Mock, 29, who maintained her composure throughout, calmly replied, “Being offensive and being kind are not mutually exclusive things. We can be good people but be ignorant. It’s about understanding.”

Maybe Morgan would not have stumbled so badly had he read her book before having her on.

Instead, he seemed to have based his interview on a 2011 Marie Claire magazine profile of Mock that was called “I Was Born a Boy” and opened with her trip, at 18, to Thailand for gender reassignment surgery.

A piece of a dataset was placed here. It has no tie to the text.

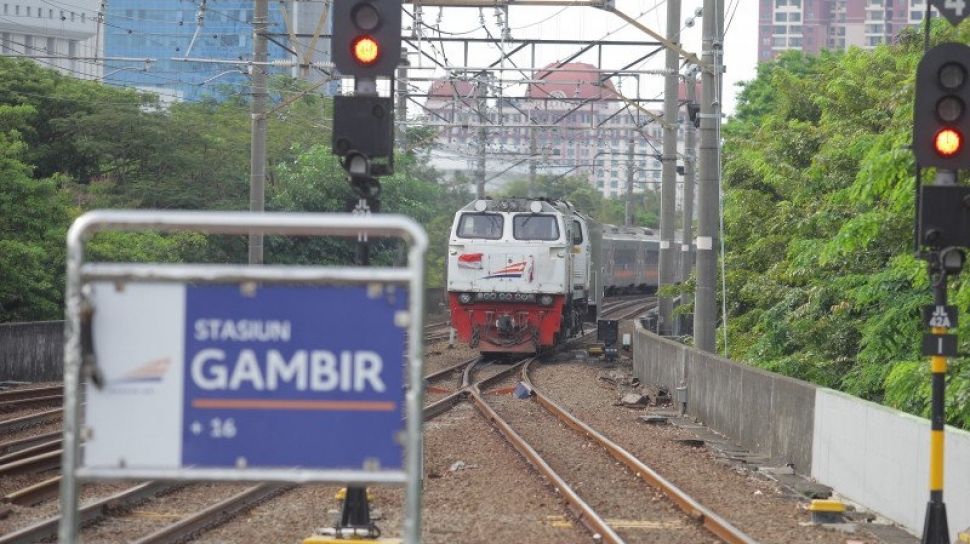 Stasiun Gambir 'Pensiun' Layani Rute Jauh KA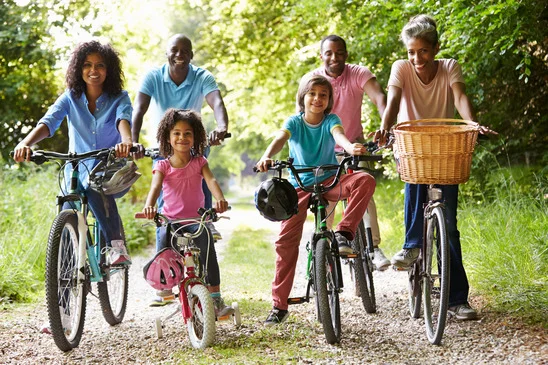 photodune-11792140-multi-generation-african-american-family-on-cycle-ride-xs.jpg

It was written in the first person, although Mock said she did not write the piece. In her book, she explained that although it was exciting to see her life story in print, she didn’t feel that the piece -- which was based on interviews, emails and phone calls with her -- “was really my story.”

“That piece should not have been the basis of our interview,” Mock chided Morgan. After all, she added, she had just spent three years writing her memoir, a rich story about her Hawaiian childhood and her years-long path to self-acceptance.

Morgan pressed on: “I want to learn why it is so offensive to say you grew up as a boy … and had surgery to become a woman. Why is it offensive?”

“It’s not about what surgeries I may or may not have had,” Mock said. “It’s not about how I disclose my gender to people. It’s about who I am right now.... I am a fierce trans advocate.”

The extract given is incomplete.